Tag Archives: The Challenge

My OCD Moments

JayG has a little challenge on his blog to list your OCD traits. Here are some of mine:

  • Crayons, colored pencils, and so on, must be arranged from lightest to darkest in their boxes. Red and Green trade position with every use as they seem equally dark to me.
  • Like Jay, I use my turn signal at all times, even merging onto the highway from the on-ramp.
  • The keys on the holder must be arranged properly at all times, facing the correct way.
  • I check the oil in any vehicle or motor driven thingamabob before starting it.
  • I have to be at least a half-hour early for everything. “Early is on time, on time is late, and late…don’t even think about it.” So, of course, I married a woman who will be late for her own funeral.
  • I only use 24-hour time, I hate this A.M. P.M. stuff.
  • My boot laces are to be tucked at all times.
  • When going someplace new, I do the same as Jay, but if time permits, and the destination is reasonably close, I will also make a dry-run before the actual trip.
  • I play “Padiddle” even when in the vehicle alone, or with someone who has no clue what I am doing.
  • When wearing a watch-cap with a logo, the logo must at all times be slighty off-center.
  • I must use the restroom at every possible chance, even if I don’t really have to go.
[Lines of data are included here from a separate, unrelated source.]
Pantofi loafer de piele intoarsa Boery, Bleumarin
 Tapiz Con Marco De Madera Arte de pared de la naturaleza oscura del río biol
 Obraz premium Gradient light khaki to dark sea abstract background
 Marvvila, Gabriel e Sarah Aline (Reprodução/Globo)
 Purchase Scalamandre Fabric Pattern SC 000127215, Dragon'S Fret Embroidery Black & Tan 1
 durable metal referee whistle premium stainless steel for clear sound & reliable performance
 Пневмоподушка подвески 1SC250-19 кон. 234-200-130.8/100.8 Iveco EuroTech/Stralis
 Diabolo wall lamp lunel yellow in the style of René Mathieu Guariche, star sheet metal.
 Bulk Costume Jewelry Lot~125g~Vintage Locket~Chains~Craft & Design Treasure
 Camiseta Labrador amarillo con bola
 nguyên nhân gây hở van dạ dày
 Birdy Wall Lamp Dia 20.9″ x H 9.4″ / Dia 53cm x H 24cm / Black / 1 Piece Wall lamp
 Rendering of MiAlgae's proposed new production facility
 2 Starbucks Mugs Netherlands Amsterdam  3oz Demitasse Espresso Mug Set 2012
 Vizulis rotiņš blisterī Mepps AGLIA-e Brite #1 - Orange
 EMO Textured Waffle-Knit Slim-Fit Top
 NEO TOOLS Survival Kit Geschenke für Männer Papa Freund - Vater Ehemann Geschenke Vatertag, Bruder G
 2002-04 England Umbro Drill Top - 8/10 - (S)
It beats being sucked into something and then having to hold it.
  • My clothing is to be clear of soiling from food. Blood is fine, dirt is okay, guts are dandy, grease I can live with. I get a pin-spot of marinara that even I can barely see, the clothes get changed.
  • All analog clocks must have a second hand. Period, there is no excuse otherwise. I don’t buy digital, the ones I have were all gifts.
  • Until I lost my last little bottle, I always carried the mini MRE type Tabasco bottles with me. Once I get a new one, I will resume.
  • My shirt is to be tucked at all times. Every time I go to the bathroom, I un-tuck and then re-tuck to be sure it is done proper and fresh.
  • I chew to one side of my mouth, the center for the next bite, and then the other side. Then I reverse direction. Then I chew with all teeth at once.
  • Like monk touching posts while walking down the street, any multiple object placed at intervals must be touched on passing.
  • The head on the black bear cookie jar must be askew about 30-40 degrees to his right, not forward, not to his left.
  • In a public setting, I always have to take a position where I have an exit and can see everyone else and have no one come to me from behind. That all isn’t a paranoid safety thing. I learned young how to avoid being trapped by my mother and volunteered for things. I would see the look in her eye and be gone. I just simply hate having people behind me, so that is why I like to see the whole crowd and not have anyone able to get behind me.
  • In traffic, I am alone, the first car in the wolf-pack, or the last, never any other position. Stupid backed up traffic being the obvious exception.
  • Any bulk item in a smaller package is topped off from the bulk package once my hands are free.
  • My socks can’t have a single wrinkle, crease, microscopic dust bunny, or crooked seam. I will completely undo a boot in the middle of the snowy woods to fix it.
  • I have to touch and say a few words over any animal I kill.
  • If I throw something, anything, while cranky, I have to say “I’m sorry” to it.
  • I will clean any stone I see in a cemetary that needs cleaning.
  • When I park at home, it must always be in the same place, wheels in the same spots each time. Cars, snowmobiles, tractors, mowers, everything. I am so anal about that one, people used to think that I never used my snowmobile, even though I used to ride it every day, because it was always in the same exact spot when they saw it.
  • I face every bill that crosses my path. I then straighten them all, make sure edges are even, and then put the fold in my pocket. Drives my wife nuts, reminds her too much of when she was a cashier. I also face playing cards.
  • I check all mugs, glasses, and cups before using them.
  • I have to honk my horn three times when passing through covered bridges.